The ugly numbers: Wisconsin was 14 for 58 (23.7%) and 6 for 27 from three (22.2%). Dayton was 16 for 53 (30.2%) and 4 for 27 from three (14,8%). If either team tried to shoot itself in the foot from close range, both would have missed.
Wisconsin is known for its sledge hammer defense. Getting off shots against the Badgers is like trying to steal a pot of honey from a bear.
In the first half, they forced UD to cast and cast and cast from outside. If the paint in the lane was wet, the Flyers wouldn’t have gotten any paint on their sneakers.
They took 29 shots in the first half and 16 were trey tries. And they were 2 for 16 from way out there, 6 for 29 overall.
Wisconsin was 8 for 30 in the first half and 4 for 13 from three and led 23-14.
“Fourteen points in the first half, all the difficulty we had finding the bottom of the basket. . .but the guys stayed resilient, they trusted each other and put us in position to win. On things that I think this team will be good at, it wasn’t working,” said Grant.
The Badgers led by 10, 34-24, with 13:52 left after Grant was slapped with a technical foul.
Freshman Connor Essegian, who scored 11 of Wisconsin’s first 13 points, made both technical foul shots and Steven Crowl scored because Wisconsin maintained possession after the technical.
That pushed Wisconsin to its biggest lead of the game, 34-24. And the technical ignited the Flyers.
UD went on a 15-5 run, 10 by Elvis. Mustapha Amzil tied it with a three, 39-39 with 4:52 left.
Wisconsin’s leading scorer, Tyler Wahl (15 points a game, scored his only basket and was fouled. His three points gave the Badgers a 42-39 lead with 4:38 left and was the Badgers last basket.
Then came the frantic 4 1/2 minutes in which the scoring was Dayton 3, Wisconsin 1.
Elvis was the only Flyer in double figures with 16 on 7 of 17 shooting, but 1 for 7 from three. Holmes, surrounded by red shirts every time he touched the ball, got off only six shots and made three en route to nine points.
Camara was 2 for 7, but snagged 11 rebounds. Malachi Smith was 1 for 6, Mike Sharajamst was 0 for 5 and R.J. Blakney was 0 for 4.
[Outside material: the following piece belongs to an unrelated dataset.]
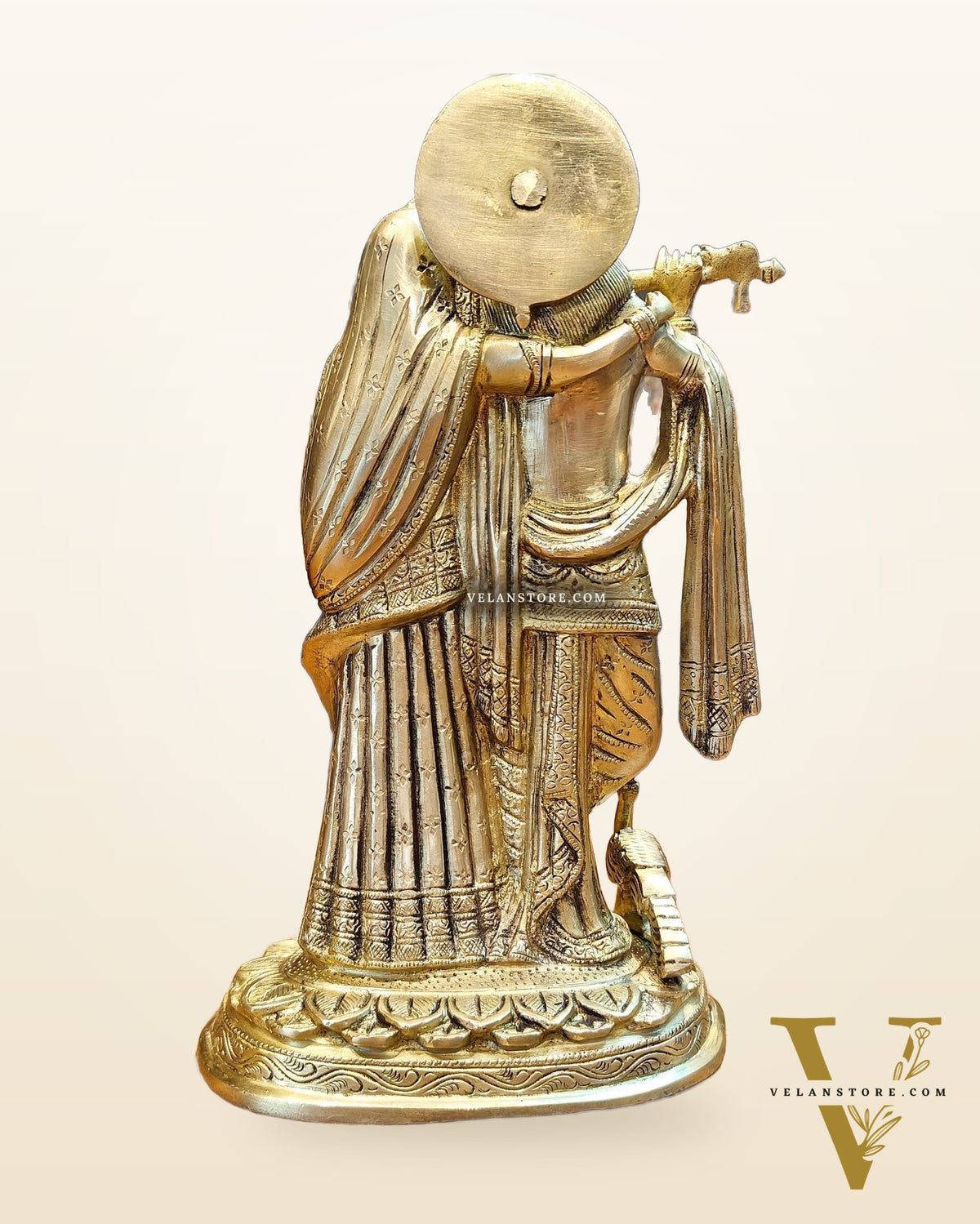12-Inch Brass Radha Krishna Idol matte finish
Despite his team shooting the ball like inebriated pirates, Grant said the Flyers were physically and mentally tough during the ordeal, scrapping to the end with a chance to win.
“Without question,” he said. “We didn’t have offensive success, right? There are a lot of things that your effort and your energy will allow you to do. Some things you can’t control is whether your shot goes in.
“Your defense can always show up every night and our defense showed up (today),” he added.
The Flyers play again Thanksgiving Day at 4 o’clock against North Carolina State, losers to Kansas on Wednesday.